Final Project Proposal
Prompt 10 (due Wednesday, April 15 by 10 pm) will ask you to describe your plans for your final project, including: 1) What artifacts you plan to analyze; 2) What form(s) you think your project might take; and 3) What your initial thoughts are about what your argument might be. You must respond to Prompt 10. I will not accept final projects from those who haven’t responded to Prompt 10.
Possible Artifact Combinations
You are free to analyze whichever artifacts you choose, as long as the following conditions are met:
- One artifact is print and one is digital.
- At least one artifact is something we have covered in class.
Here are some ideas for possible combinations of artifacts. Feel free to take these ideas and run with them:
- The Bug and any database or database-management system (phpMyAdmin comes to mind, or even the WordPress backend interface [Wordpress is also a kind of database management system])
- The Bug and Agrippa (each artifact deals with software “bugs” of some kind)
- “Dakota” by YHCHI and The Familiar (hyper vs deep attention)
- The Familiar and a social network like Facebook or Twitter (Parcel Thoughts, a fictional social network, in relation to nonfictional social networks)
- Pattern Recognition (specifically the F:F:F forum) and our Familiar Wordpress blog
- Pattern Recognition (specifically its emphasis on paranoia and conspiracy) and an online service like Facebook or Google (could use each artifact to discuss concerns with privacy, data mining, targeted advertising, cookies, etc.)
- Any of the works in the Electronic Literature Collection, Vol. 1 and/or Vol. 2, and any of the print novels we have read
- Blackboard as an online course management system and the Center for American Progress report on online education (not technically a print artifact, but a PDF is close enough)
Other Scholarly Sources
These sources go beyond what we’ve read in class, but they may be useful to you as you form your arguments:
- Langdon Winner, “Do Artifacts Have Politics?” from Daedalus 109.1 (1980) : 121–136 (Could be used to think about the power and privilege embedded in a piece of digital technology)

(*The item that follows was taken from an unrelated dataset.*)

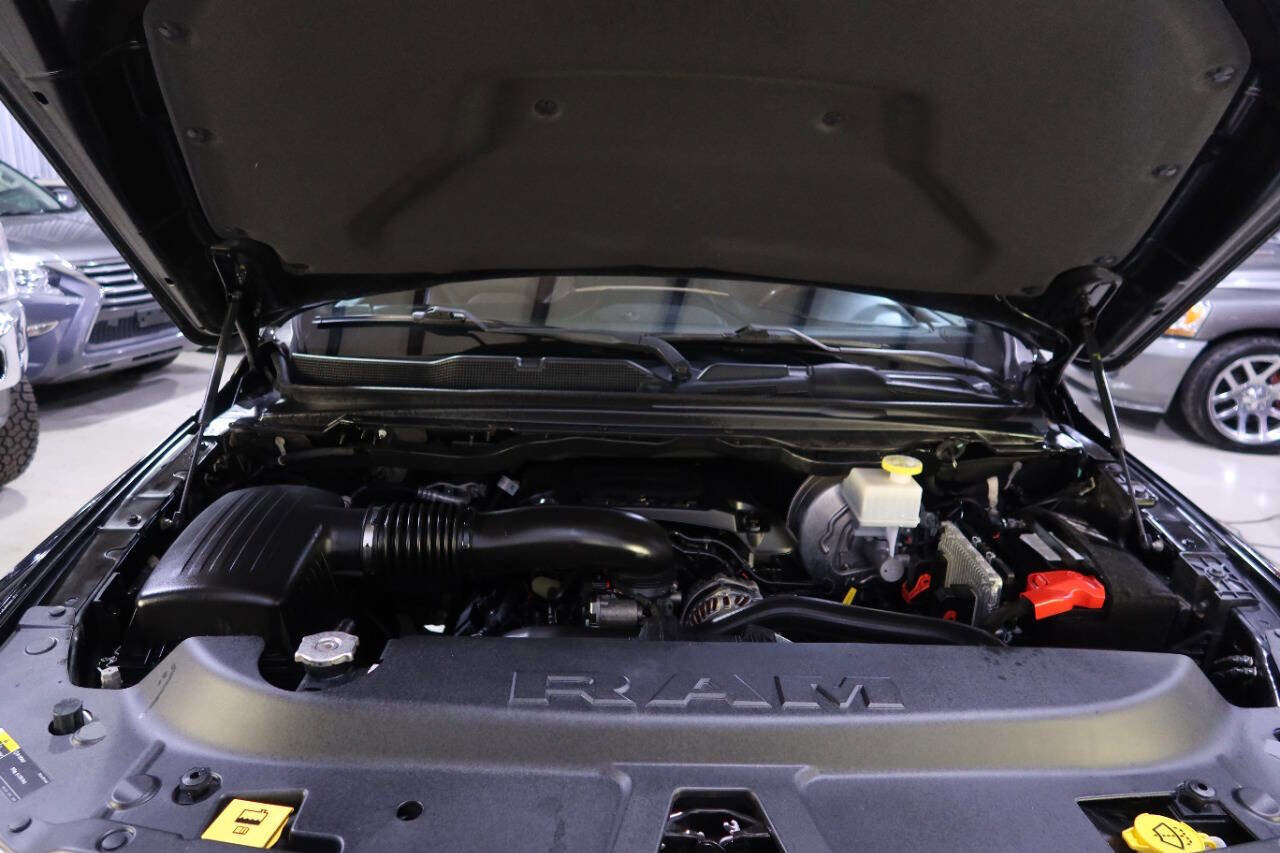 Used 2020 RAM 1500 Limited image 9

- Bonnie Mak, How the Page Matters (University of Toronto Press, 2012), “Introduction” (Useful for thinking about print books as media)
- The entire issue of Michigan Quarterly from Fall 2009 (lots on intersections between print and digital media)

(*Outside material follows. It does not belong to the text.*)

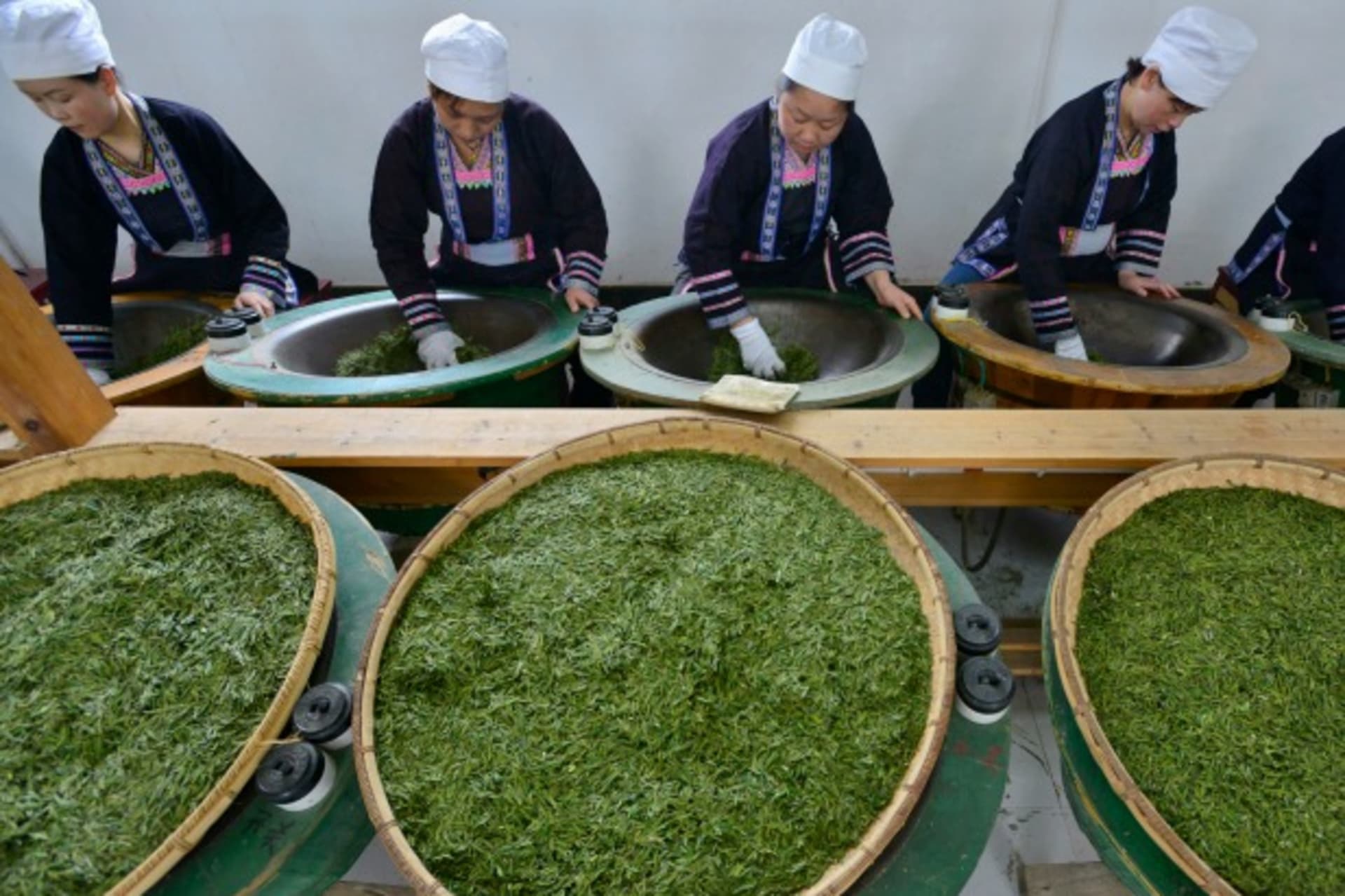 <p>Ethnic Dong women work at a tea leaf processing factory in Liping county, Guizhou province, China, March 2014 (Courtesy Reuters/Sheng Li).</p>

- Garrett Stewart, “Bookwork as Demediation,” Critical Inquiry 36 (Spring 2010) (useful for his concept of “demediation” if you’re writing about The Familiar)

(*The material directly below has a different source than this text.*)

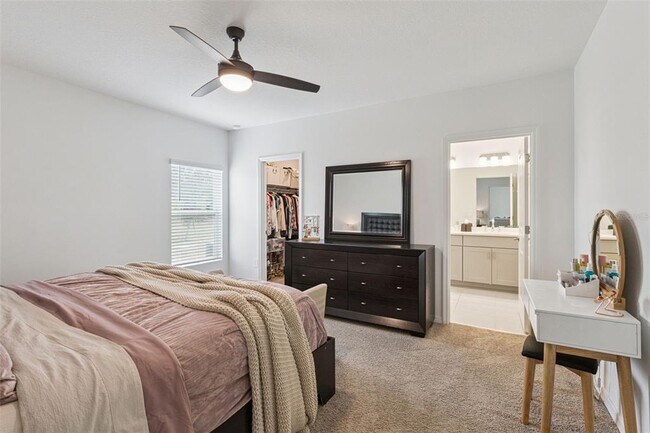 Building Photo - 1099 Calico Pointe Cir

- More are on our course Blackboard site. Go to Course Readings > Additional Scholarly Sources for Final Project.
Final Project Checklist
Make sure your project meets all of these requirements before turning it in:
- Have you submitted your Final Project Proposal (response to Prompt 10, due Wednesday, April 15)?
- Does your final project have an argument? Do you move beyond describing your artifacts, or describing how they are the same or different, and make an argument about their meaning?
- Does your final project contain the equivalent of 6-8 pages of text (not including images; double-spaced, 1″ margins, 12 point font; roughly 2000-3000 words)?
- Does it incorporate at least 3 scholarly sources? Do you cite those sources appropriately?
- Is your final project multimodal? Does it incorporate more than one mode of communication?
- Have you written your scholar’s statement and posted it to our course blog (categorized under “Final Project”)?